[Task goal]: Output the data below line for line, exactly, up to and including the line where "Plus Size Winterjacket - Orange - Poncho" appears.

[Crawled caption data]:
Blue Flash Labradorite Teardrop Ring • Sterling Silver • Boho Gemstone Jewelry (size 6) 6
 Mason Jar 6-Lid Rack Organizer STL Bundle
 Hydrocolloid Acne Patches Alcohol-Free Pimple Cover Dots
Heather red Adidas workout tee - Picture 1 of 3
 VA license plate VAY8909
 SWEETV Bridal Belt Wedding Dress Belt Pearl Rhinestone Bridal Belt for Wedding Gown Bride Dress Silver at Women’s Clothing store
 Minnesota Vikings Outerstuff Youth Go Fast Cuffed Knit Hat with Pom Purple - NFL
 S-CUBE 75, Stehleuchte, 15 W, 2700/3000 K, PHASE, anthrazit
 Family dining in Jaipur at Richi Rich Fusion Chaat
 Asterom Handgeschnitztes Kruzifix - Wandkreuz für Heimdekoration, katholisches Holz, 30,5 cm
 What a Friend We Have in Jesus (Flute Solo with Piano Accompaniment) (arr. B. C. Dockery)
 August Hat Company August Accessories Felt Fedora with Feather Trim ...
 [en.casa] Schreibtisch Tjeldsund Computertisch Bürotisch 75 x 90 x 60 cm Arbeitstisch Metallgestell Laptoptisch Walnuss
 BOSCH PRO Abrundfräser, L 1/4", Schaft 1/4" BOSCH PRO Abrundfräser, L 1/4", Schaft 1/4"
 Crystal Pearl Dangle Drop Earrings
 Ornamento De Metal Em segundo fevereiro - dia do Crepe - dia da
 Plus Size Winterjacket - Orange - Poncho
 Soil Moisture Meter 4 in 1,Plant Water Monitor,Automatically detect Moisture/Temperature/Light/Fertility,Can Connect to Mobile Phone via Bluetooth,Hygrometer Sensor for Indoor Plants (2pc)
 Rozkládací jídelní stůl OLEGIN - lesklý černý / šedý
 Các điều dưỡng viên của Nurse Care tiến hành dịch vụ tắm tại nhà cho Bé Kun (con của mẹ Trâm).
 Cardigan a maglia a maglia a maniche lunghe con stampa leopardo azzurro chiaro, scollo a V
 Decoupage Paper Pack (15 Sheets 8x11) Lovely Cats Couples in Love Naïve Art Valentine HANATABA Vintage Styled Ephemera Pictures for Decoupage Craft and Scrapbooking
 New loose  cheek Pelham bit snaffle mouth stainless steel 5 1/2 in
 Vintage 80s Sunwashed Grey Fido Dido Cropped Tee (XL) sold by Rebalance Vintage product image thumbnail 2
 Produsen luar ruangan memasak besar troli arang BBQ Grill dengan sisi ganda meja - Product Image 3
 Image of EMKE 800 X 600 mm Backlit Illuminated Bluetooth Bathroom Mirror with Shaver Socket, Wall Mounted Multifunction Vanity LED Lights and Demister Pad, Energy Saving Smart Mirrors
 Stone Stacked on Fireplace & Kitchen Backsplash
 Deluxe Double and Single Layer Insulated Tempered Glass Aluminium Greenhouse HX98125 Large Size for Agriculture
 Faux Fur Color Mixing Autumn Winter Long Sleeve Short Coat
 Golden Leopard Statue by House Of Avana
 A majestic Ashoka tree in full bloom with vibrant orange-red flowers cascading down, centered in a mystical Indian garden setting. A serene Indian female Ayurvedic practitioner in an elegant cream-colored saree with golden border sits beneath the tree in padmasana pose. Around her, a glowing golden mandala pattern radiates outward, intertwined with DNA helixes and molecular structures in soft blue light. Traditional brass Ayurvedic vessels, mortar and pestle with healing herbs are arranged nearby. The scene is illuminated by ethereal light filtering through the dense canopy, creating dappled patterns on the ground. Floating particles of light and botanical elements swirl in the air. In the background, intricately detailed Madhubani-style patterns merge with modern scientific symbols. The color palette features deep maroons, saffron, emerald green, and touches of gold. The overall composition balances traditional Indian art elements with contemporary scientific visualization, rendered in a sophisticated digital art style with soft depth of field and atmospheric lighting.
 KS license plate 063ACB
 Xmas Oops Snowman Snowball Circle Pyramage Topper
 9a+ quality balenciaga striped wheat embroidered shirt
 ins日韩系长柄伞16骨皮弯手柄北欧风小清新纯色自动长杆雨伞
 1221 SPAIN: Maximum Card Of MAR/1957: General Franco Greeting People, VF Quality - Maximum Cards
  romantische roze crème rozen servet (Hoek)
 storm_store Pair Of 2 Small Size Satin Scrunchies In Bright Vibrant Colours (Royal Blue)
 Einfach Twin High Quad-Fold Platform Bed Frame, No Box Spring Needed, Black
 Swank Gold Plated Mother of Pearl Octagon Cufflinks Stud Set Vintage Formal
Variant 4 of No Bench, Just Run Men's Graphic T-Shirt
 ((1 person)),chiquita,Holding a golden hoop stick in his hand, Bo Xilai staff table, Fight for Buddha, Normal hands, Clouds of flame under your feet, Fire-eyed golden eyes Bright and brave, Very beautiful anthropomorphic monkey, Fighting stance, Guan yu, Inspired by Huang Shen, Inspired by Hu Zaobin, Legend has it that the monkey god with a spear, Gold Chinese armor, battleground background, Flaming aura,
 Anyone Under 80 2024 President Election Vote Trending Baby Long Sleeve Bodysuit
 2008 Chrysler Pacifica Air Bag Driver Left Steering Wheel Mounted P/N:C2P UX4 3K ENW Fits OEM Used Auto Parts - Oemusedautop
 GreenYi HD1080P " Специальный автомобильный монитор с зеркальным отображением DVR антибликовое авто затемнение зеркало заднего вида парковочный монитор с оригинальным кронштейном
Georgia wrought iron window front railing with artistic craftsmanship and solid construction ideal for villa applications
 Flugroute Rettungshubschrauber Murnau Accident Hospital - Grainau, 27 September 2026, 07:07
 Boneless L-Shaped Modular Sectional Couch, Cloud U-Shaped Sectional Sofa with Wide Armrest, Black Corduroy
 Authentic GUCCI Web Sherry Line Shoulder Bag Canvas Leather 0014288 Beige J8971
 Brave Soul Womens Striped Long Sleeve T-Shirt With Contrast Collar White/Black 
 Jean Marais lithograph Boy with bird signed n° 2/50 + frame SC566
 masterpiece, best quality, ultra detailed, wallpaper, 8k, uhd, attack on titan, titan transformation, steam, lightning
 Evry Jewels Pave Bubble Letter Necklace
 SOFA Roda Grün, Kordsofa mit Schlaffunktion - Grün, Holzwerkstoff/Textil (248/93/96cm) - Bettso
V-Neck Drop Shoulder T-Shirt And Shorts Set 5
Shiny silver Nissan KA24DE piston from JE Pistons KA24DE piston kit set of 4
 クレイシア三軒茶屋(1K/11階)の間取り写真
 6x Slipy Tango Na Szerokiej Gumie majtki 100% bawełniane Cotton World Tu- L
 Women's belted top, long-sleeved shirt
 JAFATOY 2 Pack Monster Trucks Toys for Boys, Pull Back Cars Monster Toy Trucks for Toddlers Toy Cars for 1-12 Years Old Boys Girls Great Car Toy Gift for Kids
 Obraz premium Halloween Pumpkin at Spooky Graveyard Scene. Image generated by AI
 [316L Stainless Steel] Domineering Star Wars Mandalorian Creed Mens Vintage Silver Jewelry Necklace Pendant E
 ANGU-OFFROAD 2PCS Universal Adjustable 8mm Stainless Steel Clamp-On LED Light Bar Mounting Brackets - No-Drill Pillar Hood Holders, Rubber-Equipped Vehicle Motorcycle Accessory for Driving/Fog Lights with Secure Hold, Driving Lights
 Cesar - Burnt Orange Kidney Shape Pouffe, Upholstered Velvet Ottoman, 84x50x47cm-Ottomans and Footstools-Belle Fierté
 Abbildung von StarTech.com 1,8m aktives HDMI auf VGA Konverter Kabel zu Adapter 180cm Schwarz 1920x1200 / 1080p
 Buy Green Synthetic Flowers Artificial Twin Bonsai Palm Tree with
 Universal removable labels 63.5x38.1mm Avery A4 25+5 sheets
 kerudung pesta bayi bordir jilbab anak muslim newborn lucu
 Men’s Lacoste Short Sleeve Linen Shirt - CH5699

[Exercise solution]:
Blue Flash Labradorite Teardrop Ring • Sterling Silver • Boho Gemstone Jewelry (size 6) 6
 Mason Jar 6-Lid Rack Organizer STL Bundle
 Hydrocolloid Acne Patches Alcohol-Free Pimple Cover Dots
Heather red Adidas workout tee - Picture 1 of 3
 VA license plate VAY8909
 SWEETV Bridal Belt Wedding Dress Belt Pearl Rhinestone Bridal Belt for Wedding Gown Bride Dress Silver at Women’s Clothing store
 Minnesota Vikings Outerstuff Youth Go Fast Cuffed Knit Hat with Pom Purple - NFL
 S-CUBE 75, Stehleuchte, 15 W, 2700/3000 K, PHASE, anthrazit
 Family dining in Jaipur at Richi Rich Fusion Chaat
 Asterom Handgeschnitztes Kruzifix - Wandkreuz für Heimdekoration, katholisches Holz, 30,5 cm
 What a Friend We Have in Jesus (Flute Solo with Piano Accompaniment) (arr. B. C. Dockery)
 August Hat Company August Accessories Felt Fedora with Feather Trim ...
 [en.casa] Schreibtisch Tjeldsund Computertisch Bürotisch 75 x 90 x 60 cm Arbeitstisch Metallgestell Laptoptisch Walnuss
 BOSCH PRO Abrundfräser, L 1/4", Schaft 1/4" BOSCH PRO Abrundfräser, L 1/4", Schaft 1/4"
 Crystal Pearl Dangle Drop Earrings
 Ornamento De Metal Em segundo fevereiro - dia do Crepe - dia da
 Plus Size Winterjacket - Orange - Poncho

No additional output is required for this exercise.